**Raw data:**
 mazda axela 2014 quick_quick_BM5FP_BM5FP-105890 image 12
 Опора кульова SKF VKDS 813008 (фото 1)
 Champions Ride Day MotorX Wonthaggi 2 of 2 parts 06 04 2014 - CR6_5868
--
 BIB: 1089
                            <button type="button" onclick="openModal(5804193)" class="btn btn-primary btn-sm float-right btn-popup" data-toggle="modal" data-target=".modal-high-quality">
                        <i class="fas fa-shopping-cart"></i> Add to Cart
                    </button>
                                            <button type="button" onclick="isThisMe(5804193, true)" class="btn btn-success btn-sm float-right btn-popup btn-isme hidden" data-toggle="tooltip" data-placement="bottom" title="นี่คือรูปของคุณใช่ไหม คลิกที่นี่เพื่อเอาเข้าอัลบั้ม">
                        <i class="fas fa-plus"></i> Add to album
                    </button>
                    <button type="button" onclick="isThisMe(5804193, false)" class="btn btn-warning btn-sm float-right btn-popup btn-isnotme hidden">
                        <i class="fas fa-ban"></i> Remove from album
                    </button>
--
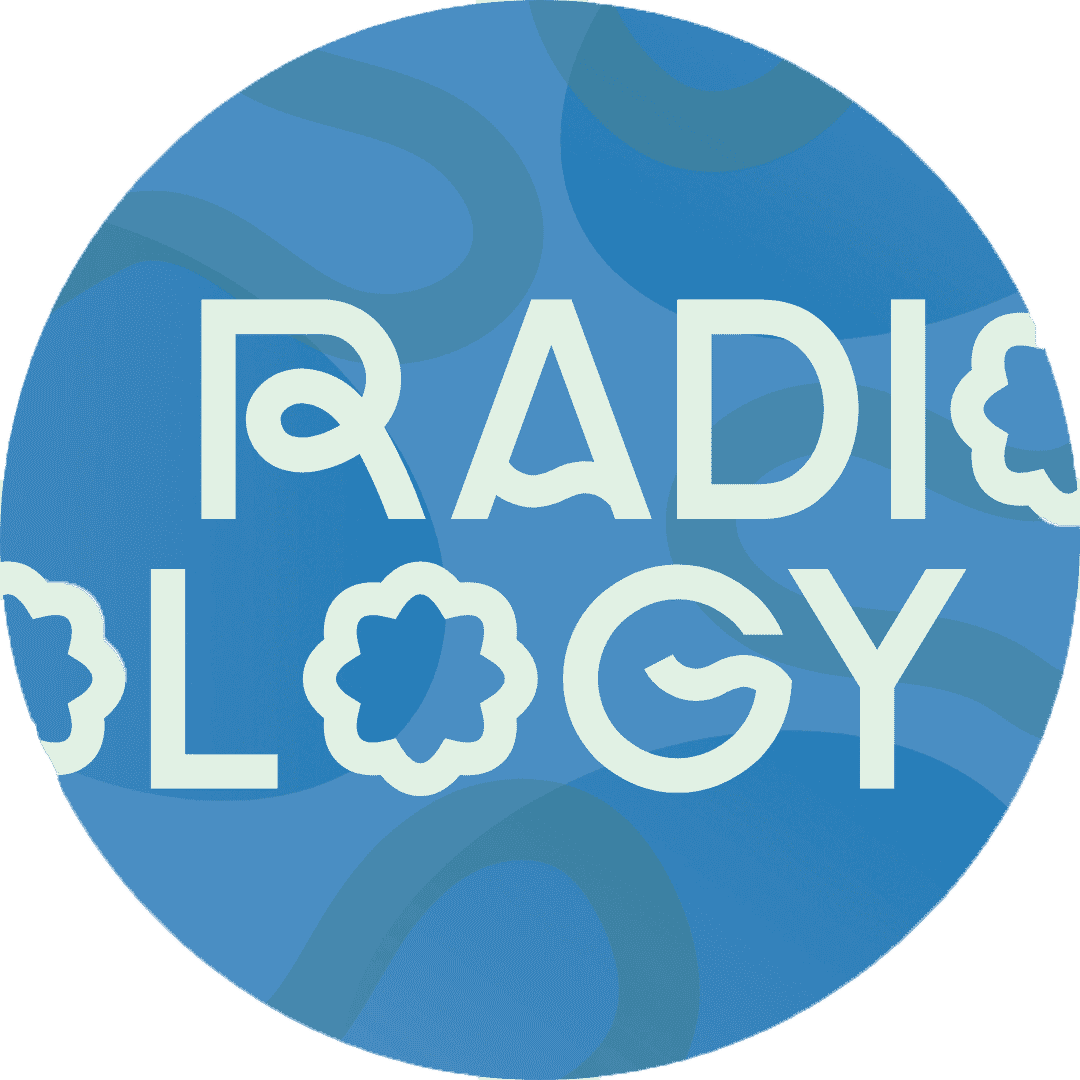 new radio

**What to work on:** Lines that include the word "type" — how many are there in the data? Answer with the number alone.

**Response box:** 3